Travel photography: Portraits

Every couple of days, I get an email from the Digital Photography School that has links to photography tips. I often don’t completely agree with the tips, but what I do agree with is the overriding principal of mindful photography. While we might not always agree on how to accomplish something, we always agree that it starts with knowing what we want to accomplish,. Recently, in an article on Street Portraits, I read Before approaching a person to ask him or her if you can take a photo, have your settings spot on. When they say yes, lift your arms and snap snap snap, say thank you, and walk away. Easy.

I have learned to take a different approach. Years ago, I signed up for a class in Portrait Photography at  the Omega Institute. The course was cheap, but getting there was  – with airfare to New York and then driving to Rhinebeck  – too dear and I never got to the class. But the sub line, A portrait is an artifact of a relationship., has transformed my travel photography.

Ever since, I have slowed down. When I see an interesting local, rather than try to grab a shot or shoot as fast as possible, I stop to ask. I try to to banter back and forth a little bit, even if it is only with sign language. I establish a mini relationship. Counter intuitively, when I used to be as quick as possible, it was often an intrusion, I was obviously trying to steel a photo; by having a relationship, even if only for five minutes, I honor the person. This is especially true when traveling in countries where people normally don’t like their picture being taken.

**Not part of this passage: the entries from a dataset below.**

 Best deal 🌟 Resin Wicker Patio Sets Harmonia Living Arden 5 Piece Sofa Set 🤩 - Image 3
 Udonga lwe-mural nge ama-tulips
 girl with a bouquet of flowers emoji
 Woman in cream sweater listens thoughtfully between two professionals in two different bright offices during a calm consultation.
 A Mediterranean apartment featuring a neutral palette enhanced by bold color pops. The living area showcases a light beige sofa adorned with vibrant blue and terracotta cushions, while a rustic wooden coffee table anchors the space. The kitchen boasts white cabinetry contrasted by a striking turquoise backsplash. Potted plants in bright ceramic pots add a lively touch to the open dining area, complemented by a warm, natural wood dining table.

I have gone from a fifty tries and three successes – using the term success very loosely –  to ten tries and ten successes. I know that the woman above is named Maria and she comes from Nebaj, Guatemala, that she was raised in an orphanage and her sister orphan is also named Maria. I know that they find humor in calling themselves sisters and both having the same name.

Here are several samples:


5 thoughts on “Travel photography: Portraits

  1. Steve: Beautiful work. Check out a blog called This guy has become quite famous reporting on street fashion or rather documenting it. What I find now is that he has morphed into this really amazing photographer. It is not so much the clothes now but the entire composition. His work though spontaneous is contextual and he seems to capture the personalit while he documents it. The compositions are simple yet if studied can really tell a lot.

    By the way…they say that the reason folk in far away places don’t like being photographed is that they believe/believed that the camera steals their soul!

  2. I have heard that stealing the soul business too, Eileen, but I have never run into it. One time, actually when I was photographing Maria’s sister, a German woman tried to stand next to me to also take her picture and Maria – the sister – said “No, no!” and turned away. Then she looked at me and said something like “Si, mi amigo” and I went back to shooting.

    Another time I was shooting a group of women, one of whom, had a veil that completely covered her head. I told the translator that I wouldn’t take her picture if she didn’t want me to and she told the translator that “Yes, she wanted her picture taken.” Maybe that is the secret – I let the portraitee have all the power. I am totally OK with not taking their picture.